Each of the 44 shirts represents a Bucks County resident killed by a gun murder in the past decade. It does not include those who used a gun to die by suicide.

The powerful display, a “Memorial to the Lost,” is part of Heeding God’s Call to End Gun Violence’s effort “to make people aware of the toll of gun violence,” said Bryan Miller, executive director of Heeding, a grassroots, interfaith-based nonprofit.

“Each name represents a whole human being, a child of God. Each death deserves to be noted and mourned,” reads a flyer from Salem United Church of Christ, which is hosting the memorial on its property.

The memorial will later move to St.
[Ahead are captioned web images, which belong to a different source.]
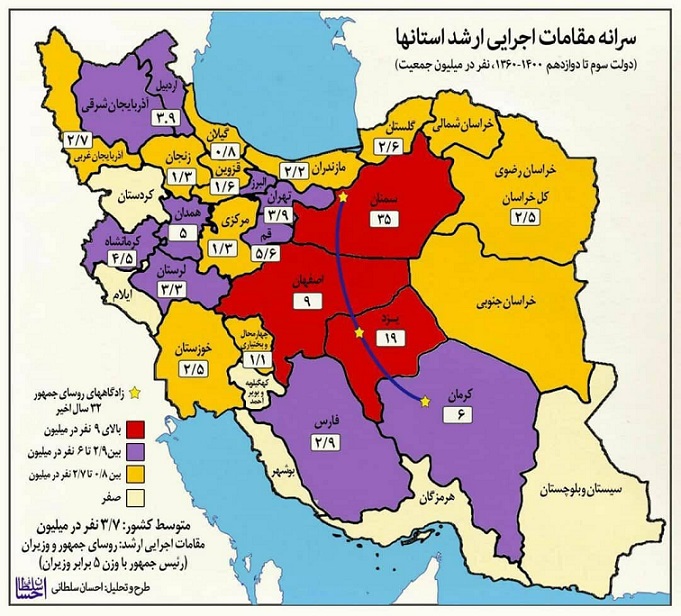 مقامات اجرایی ارشد کشور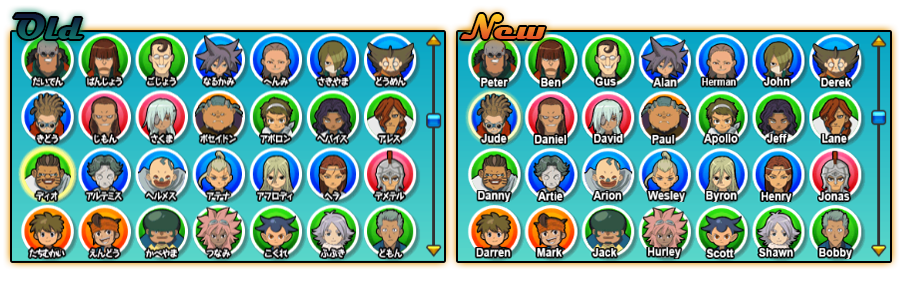 Inazuma Eleven Go Strikers 2013 Translation Project By Elite Strikers Prev5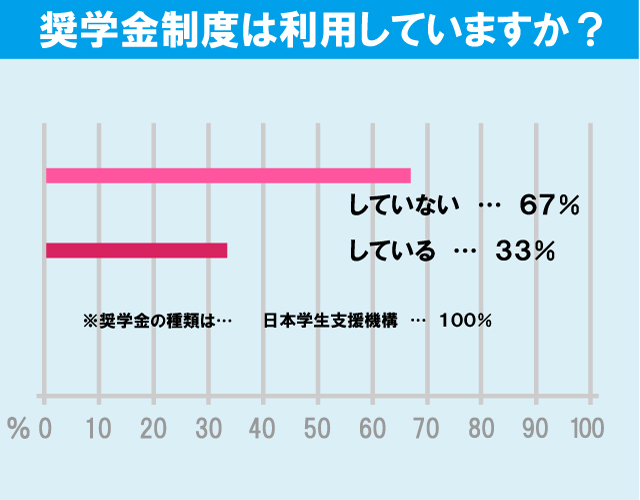 日本大学 法学部学生の生活事情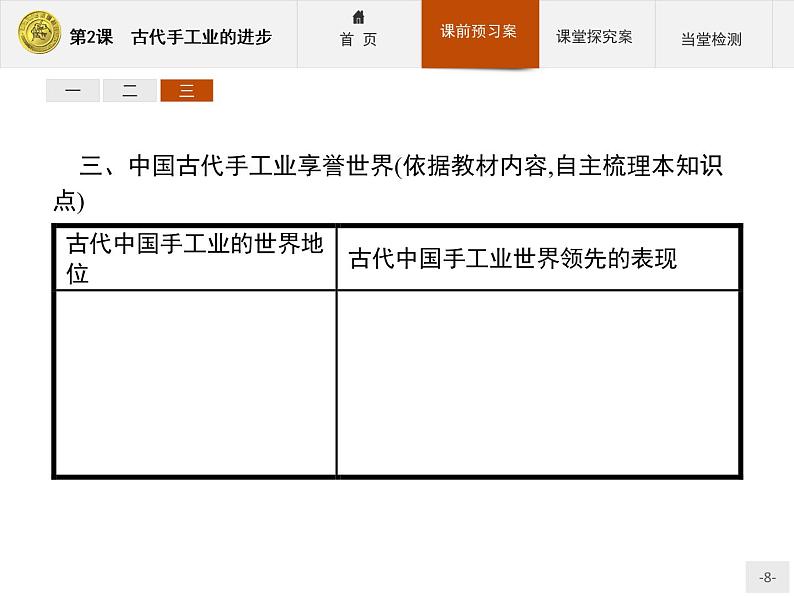 高中历史人教版必修2课件:2 古代手工业的进步08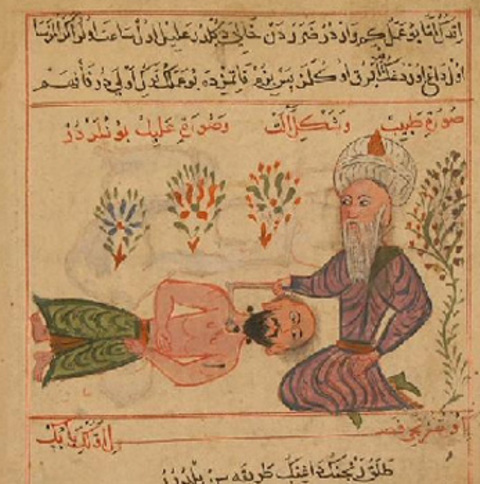 Tarihe yön veren Müslüman icatları 10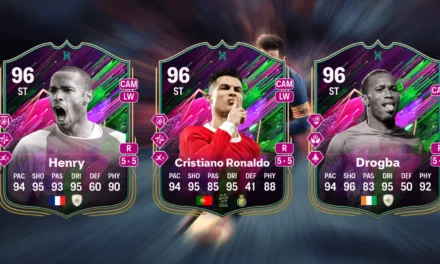 Best meta picks for FC 25 Just Like Lessi Evolution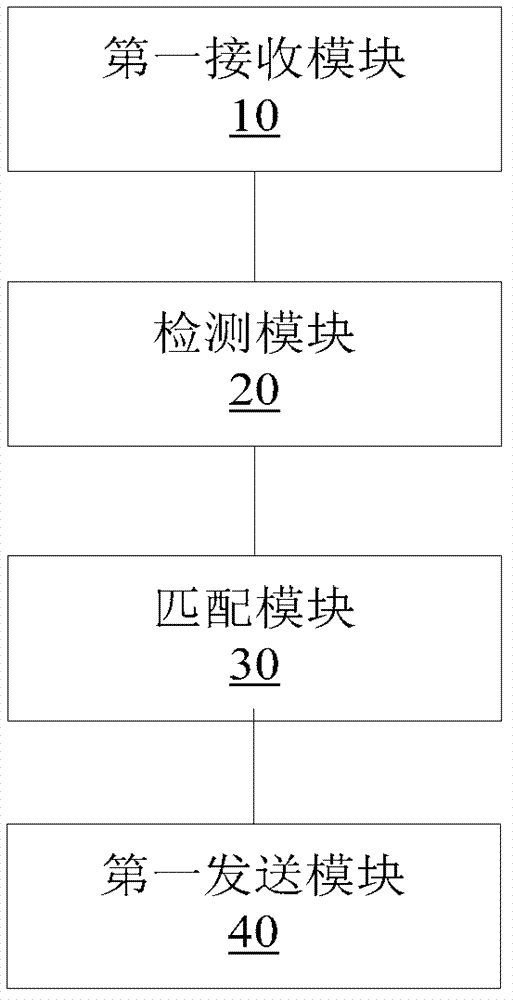 Control method, control terminal and control system of air-conditioner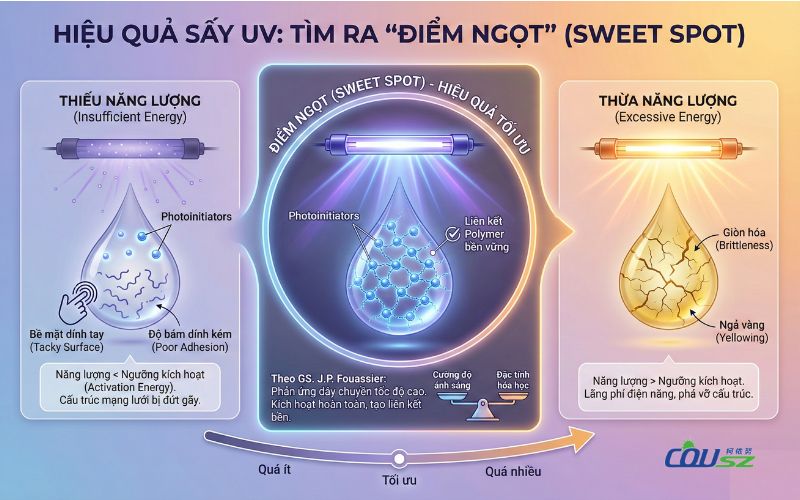 Hiệu Quả Sấy Uv - Sweet Point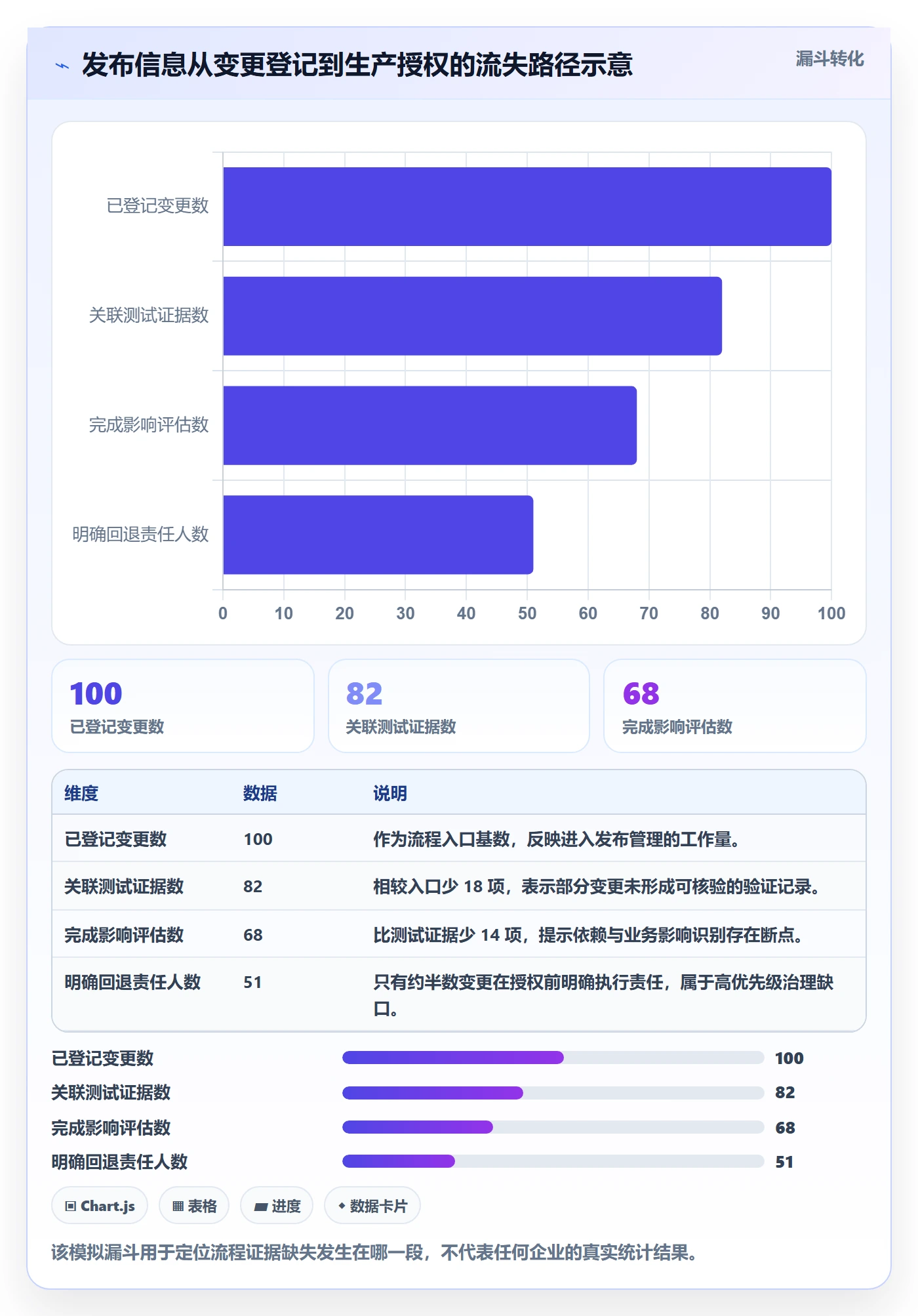 发布管理发布审批全流程：企业管理者实操方法与一文讲清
Paul Episcopal Church on East Oakland Street, prior to a “Witness Walk” on Nov. 19 in Doylestown to mark Gun Violence Awareness Day.

“This is not an anti-gun movement, it doesn’t question the Second Amendment,” stressed Beth Mann, chair of Salem UCC’s social action network. “We are focusing on combating the...illegal flow of guns, in particular straw purchasing.”

Straw purchasing is where someone buys one or more guns for illegal resale to people who can’t pass background checks.

The Heeding organization advocates for “One Handgun a Month,” legislation, said Mann, who added that it’d “keep straw purchasers from buying many guns at a time, which would dramatically cut the availability of handguns on streets and neighborhoods.”

Those supporting efforts to reduce gun violence are asked to “pray for the lives lost…and the families mourning every one of those lost lives.”